Toddler lessons: Projection makes perception 🧸
Apr 24, 2025
Jack complains that Cecilia wants to steal a toy from his hands. I look at him quizzically, and he turns to ask her, “Bubba girl, do you want to rip this toy from my hands?”, to which she replies “yaaaaa”. “See!” Jack yelps, “she does want to rip this from my hands!”.
Cecilia, aka Bubba girl, is linguistically advanced for her age: She can successfully string two words together in a language only decipherable by my family. This is an important detail in the story because sometimes she utters sounds that are pleasing to her, and pleasing to us, or any number of motivations entirely orthogonal to answering a question she’s been asked.
“Ciça”, I say to her, “do you really want to rip that from jack’s hands?” “Naaaaa” she replies. Frantic, Jack implores her, “Bubba girl, do you want to rip this from my hands?” Now it looks as if he’s requesting, and she’s more than happy to oblige.
Did she want to rip the toy from his hands in the first place, as he thought? Or did he ask her to?

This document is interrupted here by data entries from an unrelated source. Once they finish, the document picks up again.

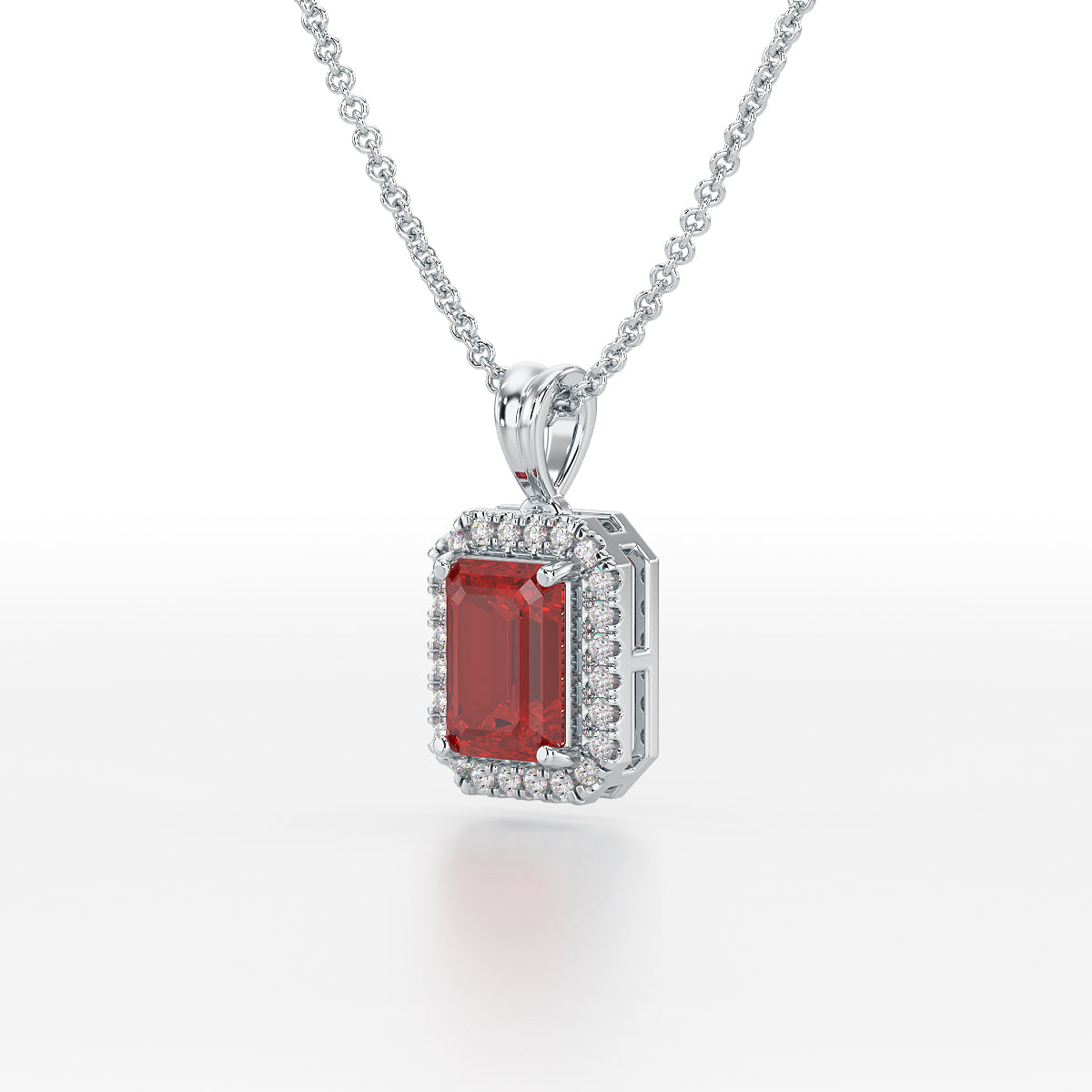Emerald Ruby Halo Pendant White Gold Platinum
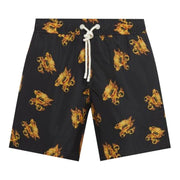 Palm Angels Burning Monogram Swim Shorts Black/Gold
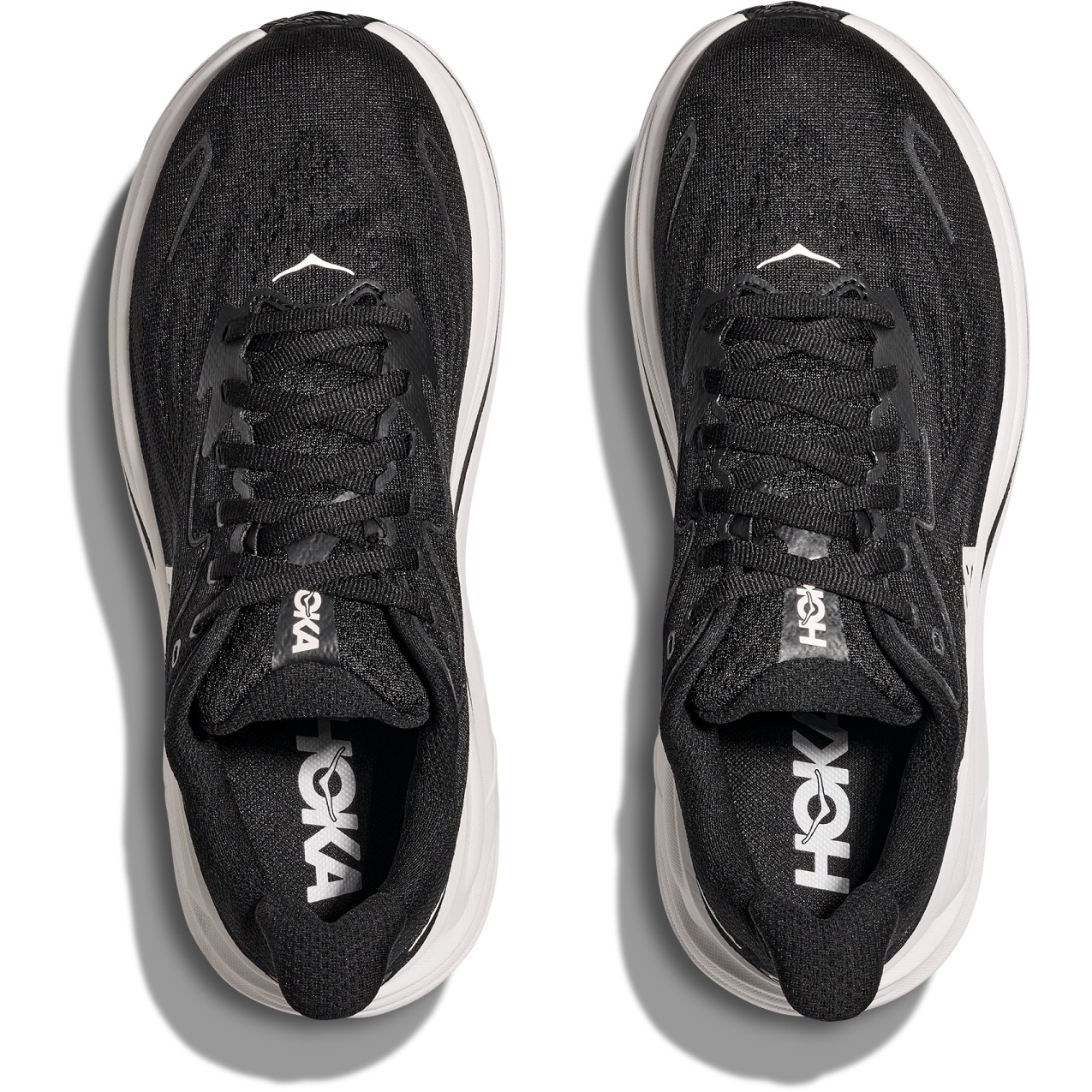 Hoka Clifton 10 Running Shoes Men - Wide - black / white | BIKE24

How often do we think reality is a certain way, when actually we’re asking it to be that way? How often do we enter a conversation assuming the other person is ready to attack our view—and in our defensiveness guarantee attack? Say “I need space”—then complain that no one crosses the distance we created? Drown people in examples to prevent a misunderstanding we create with the overwhelm of examples?